Run python3 main.py -p to preprocess the configuration file, in order to fetch all trading pair's addresses from the blockchain. This step will take around 3 minutes, depending on the amounts of tokens and DEXs, but it is only required just when we modify configuration.py.
Start the bot with python3 main.py
Stop the bot by a Keyboard Interrupt CTRL+C
The Python program work flow is the following:
* Worker queries the Exchange Oracle to get Reserves of each pair.
* Worker gives to each group the pairs that corresponds to its trading tokens.
* The groups try to find the best input amount between 2 DEXs.
* If the trade can generate a potential profit, a transaction is submitted on the blockchain to Arbitrage Executor.
The Solidity Arbitrage Executor work flow is the following:
* Check if the opportunity is still available in order to save gas.
* Compute the path's amounts: initial(SideToken) -> middle(BaseToken) -> final(SideToken).
* Borrow middle(BaseToken) from BuyPair.
* Swap middle(BaseToken) for final(SideToken) on SellPair.
* Pay back borrow amount from BuyPair which is worth initial(SideToken)
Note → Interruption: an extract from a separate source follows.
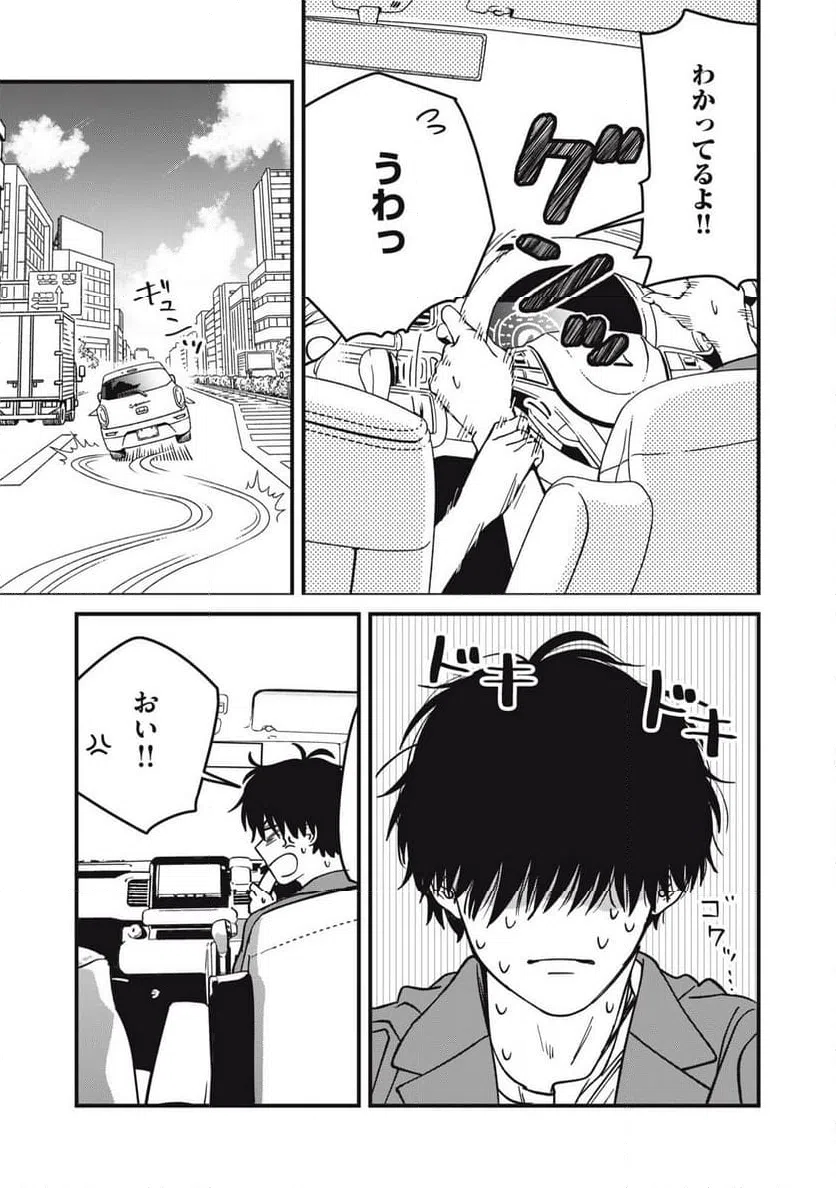 ページ 5 — 第19.1話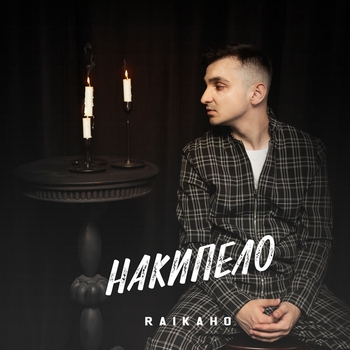 Альбом Накипело Raikaho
* Transfer the difference between final(SideToken) and initial(SideToken) to contract caller.
Lets suppose we are monitoring the pairs whose tokens are SUSHI(Base Token) and USDC(Side token) and an arbitrage opportunity arises between QuickSwap and SushiSwap, such that we can buy 10,000 SUSHI for 70,000 USDC on QuickSwap and sell them on SushiSwap for 70,100 USDC, taking a profit of 100 USDC.
But we don't need to have 70,000 USDC in our account, we will make use of the flashswap feature. First we will borrow 10,000 SUSHI from QuickSwap and sell them on SushiSwap for 70,100 USDC, then we will pay back QuickSwap 70,000 USDC, which is exactly the initial amount that we should have swap for , and keep the rest 100 USDC for us.
In order to customize for a specific network you must first publish Exchange Oracle Contract and Arbitrage Executor Contract on the blockchain (You can follow the steps here: Publish a contract using Remix).
Then you need to add a new entry in models from configuration.py.
A model entry should respect the template:
'custom_network_name' :{
'provider': Provider HTTP RPC Endpoint (string),
'exchangOracleAddr': Exchange Oracle Contract's Address (string),
'executorAddr': Arbitrage Executor Contract's Address (string),
'routers': [
{
'name': Router's Name (string),
'address': Router's Address (string),
'r': Percent of the amount after fees (float)
},
...
],
'bases': [
{
'name': Base Token's Name (string),
'address': Base Token's Address (string),
'decimals': Base Token's decimals (int)
},
...
],
'sides' : [
{
'name': Side Token's Name (string),
'address': Side Token's Address (string),
'decimals': Side Token's decimals (int),
'minAmount': Minimum profit to trigger the arbitrage (float),
},
...
]
}
NOTE:
-
All profits will be received in SideTokens.
-
r = 1 - swapfee
After that rerun the steps in Run section with custom network as the parameter (-ncustom_network_name or --network custom_network_name):
Preprocess: python3 main.py --network custom_network_name -p
Run: python3 main.py --network custom_network_name